SEOUL, May 28 (Yonhap) -- The number of elderly Seoulites with jobs has leaped 50 percent over the past 10 years, while that of working youth has plunged more than 20 percent, data showed Tuesday.
A total of 513,000 Seoul citizens aged 60 or older were employed in 2012, compared with 342,000 people in 2002, according to the data by a municipal-run think tank. The annual growth rate averaged 4.1 percent over the 10-year period.
In contrast, the capital city's employed population in the 15-29 age group tumbled 25.1 percent from 1.2 million to 903,000 over the cited period, marking an average 2.9 percent annualized drop.
In total, the working population in Seoul climbed 5 percent to 5 million last year from 4.8 million 10 years earlier, according to the data.
"Due to a longer life span, more senior citizens try to look for jobs after retirement," said an analyst at the institute. "However, the young population remains mired in a serious job crunch."

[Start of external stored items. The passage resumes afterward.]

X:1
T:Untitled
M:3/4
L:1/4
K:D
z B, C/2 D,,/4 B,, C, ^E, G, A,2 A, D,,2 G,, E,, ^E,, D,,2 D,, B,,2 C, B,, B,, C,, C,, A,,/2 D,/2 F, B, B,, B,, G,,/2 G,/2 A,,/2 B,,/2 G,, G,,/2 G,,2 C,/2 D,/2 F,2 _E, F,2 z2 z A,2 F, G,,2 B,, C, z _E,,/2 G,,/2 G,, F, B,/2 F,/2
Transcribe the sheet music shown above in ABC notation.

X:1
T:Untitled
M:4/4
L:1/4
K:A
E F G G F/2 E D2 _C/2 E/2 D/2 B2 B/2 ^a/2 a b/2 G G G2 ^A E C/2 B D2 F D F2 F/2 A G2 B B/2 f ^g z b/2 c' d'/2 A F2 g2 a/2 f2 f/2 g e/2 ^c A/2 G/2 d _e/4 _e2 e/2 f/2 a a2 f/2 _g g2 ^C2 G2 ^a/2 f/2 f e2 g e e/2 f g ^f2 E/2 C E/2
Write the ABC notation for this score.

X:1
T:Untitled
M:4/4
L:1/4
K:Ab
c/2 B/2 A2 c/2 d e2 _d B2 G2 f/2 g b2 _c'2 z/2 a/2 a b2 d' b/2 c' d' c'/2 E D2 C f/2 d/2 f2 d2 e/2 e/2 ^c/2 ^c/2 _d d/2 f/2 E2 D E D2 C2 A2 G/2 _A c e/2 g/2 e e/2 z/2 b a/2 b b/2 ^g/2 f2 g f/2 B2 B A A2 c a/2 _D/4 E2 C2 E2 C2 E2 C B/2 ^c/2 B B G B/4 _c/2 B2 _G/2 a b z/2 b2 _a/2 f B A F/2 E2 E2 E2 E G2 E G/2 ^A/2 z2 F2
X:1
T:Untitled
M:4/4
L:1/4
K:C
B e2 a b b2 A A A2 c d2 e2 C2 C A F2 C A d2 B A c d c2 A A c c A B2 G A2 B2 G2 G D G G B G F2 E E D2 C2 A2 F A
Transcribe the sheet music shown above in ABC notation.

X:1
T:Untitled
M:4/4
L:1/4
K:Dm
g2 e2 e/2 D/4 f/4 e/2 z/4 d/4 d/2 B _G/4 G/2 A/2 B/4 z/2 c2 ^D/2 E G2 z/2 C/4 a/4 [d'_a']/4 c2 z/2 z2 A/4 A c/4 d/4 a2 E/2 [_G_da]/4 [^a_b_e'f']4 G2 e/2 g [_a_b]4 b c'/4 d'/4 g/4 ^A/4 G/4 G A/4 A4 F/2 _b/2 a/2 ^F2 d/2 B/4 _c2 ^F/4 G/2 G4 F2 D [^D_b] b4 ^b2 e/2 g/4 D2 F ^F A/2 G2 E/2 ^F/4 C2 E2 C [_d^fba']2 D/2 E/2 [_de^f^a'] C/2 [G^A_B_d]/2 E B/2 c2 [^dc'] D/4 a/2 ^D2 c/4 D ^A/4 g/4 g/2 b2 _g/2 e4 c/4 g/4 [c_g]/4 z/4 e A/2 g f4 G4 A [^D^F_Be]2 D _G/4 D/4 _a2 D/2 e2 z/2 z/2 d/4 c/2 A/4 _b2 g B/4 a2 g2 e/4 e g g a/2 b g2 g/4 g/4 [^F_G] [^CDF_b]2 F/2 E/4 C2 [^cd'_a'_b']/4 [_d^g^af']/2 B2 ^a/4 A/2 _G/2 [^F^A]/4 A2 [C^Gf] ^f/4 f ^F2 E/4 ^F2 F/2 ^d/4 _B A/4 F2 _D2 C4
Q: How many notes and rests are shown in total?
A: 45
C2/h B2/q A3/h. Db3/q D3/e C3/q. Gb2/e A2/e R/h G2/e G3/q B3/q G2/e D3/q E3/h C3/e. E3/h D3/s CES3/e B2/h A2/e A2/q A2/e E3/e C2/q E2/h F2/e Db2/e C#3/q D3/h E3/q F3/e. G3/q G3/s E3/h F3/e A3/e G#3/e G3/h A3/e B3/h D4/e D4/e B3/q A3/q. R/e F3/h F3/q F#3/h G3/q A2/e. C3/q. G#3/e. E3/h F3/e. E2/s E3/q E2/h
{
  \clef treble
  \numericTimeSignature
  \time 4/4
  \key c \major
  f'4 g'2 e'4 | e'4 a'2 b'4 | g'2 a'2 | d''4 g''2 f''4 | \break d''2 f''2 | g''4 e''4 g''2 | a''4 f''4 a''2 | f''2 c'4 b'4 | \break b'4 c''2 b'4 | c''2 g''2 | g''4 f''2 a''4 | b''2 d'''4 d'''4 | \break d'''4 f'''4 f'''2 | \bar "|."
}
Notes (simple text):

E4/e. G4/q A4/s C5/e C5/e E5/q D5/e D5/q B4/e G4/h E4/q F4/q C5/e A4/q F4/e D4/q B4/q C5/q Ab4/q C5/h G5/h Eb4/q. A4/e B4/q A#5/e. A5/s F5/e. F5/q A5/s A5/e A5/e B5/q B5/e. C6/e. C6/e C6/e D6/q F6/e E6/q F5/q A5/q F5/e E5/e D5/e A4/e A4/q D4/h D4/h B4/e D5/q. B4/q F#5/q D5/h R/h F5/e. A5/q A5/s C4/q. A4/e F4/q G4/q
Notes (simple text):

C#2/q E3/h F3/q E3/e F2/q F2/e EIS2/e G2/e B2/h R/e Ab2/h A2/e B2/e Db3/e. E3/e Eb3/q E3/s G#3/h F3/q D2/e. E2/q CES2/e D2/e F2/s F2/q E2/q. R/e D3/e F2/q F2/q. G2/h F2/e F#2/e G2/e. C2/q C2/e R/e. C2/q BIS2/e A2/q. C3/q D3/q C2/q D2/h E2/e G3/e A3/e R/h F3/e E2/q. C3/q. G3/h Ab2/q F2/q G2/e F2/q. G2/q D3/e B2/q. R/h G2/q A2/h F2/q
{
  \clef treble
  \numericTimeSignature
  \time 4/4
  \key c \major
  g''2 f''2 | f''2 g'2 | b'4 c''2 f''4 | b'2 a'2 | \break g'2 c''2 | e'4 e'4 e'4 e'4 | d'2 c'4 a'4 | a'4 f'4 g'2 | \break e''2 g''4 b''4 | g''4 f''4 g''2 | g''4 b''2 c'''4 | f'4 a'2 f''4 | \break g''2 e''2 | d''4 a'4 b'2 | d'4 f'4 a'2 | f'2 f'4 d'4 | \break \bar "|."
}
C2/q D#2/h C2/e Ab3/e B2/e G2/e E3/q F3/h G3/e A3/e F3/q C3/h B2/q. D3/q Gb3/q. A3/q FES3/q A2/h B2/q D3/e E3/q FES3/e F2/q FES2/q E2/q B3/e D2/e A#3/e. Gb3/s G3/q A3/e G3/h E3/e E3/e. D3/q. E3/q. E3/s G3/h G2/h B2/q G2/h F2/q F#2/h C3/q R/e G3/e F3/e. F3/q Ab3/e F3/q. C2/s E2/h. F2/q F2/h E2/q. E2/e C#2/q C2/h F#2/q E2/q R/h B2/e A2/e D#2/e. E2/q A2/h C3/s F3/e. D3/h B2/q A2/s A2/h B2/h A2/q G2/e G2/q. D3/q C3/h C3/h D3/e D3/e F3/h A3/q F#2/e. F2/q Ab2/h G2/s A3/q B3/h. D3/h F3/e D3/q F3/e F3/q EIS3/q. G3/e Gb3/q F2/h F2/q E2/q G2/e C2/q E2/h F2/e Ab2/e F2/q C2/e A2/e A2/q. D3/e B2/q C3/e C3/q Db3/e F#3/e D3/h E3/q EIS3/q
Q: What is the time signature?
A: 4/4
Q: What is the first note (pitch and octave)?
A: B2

The city's employment trend runs parallel with the country's overall figures. The nationwide youth employment rate hit a record low of 55.8 percent in March, with the corresponding rate for the elderly on the rise in recent years, according to government data.
Analysts say the nation's rapid population aging has prompted more senior citizens to seek jobs after retirement, while young people find it hard to land jobs amid a prolonged economic slump.
South Korea is fast becoming an aged society, in which more than 14 percent of the population is 65 or older. The country became an aging society in 2000, when the ratio topped 7 percent.
The government expects the economy to grow 2.3 percent this year, compared with a 2 percent gain last year.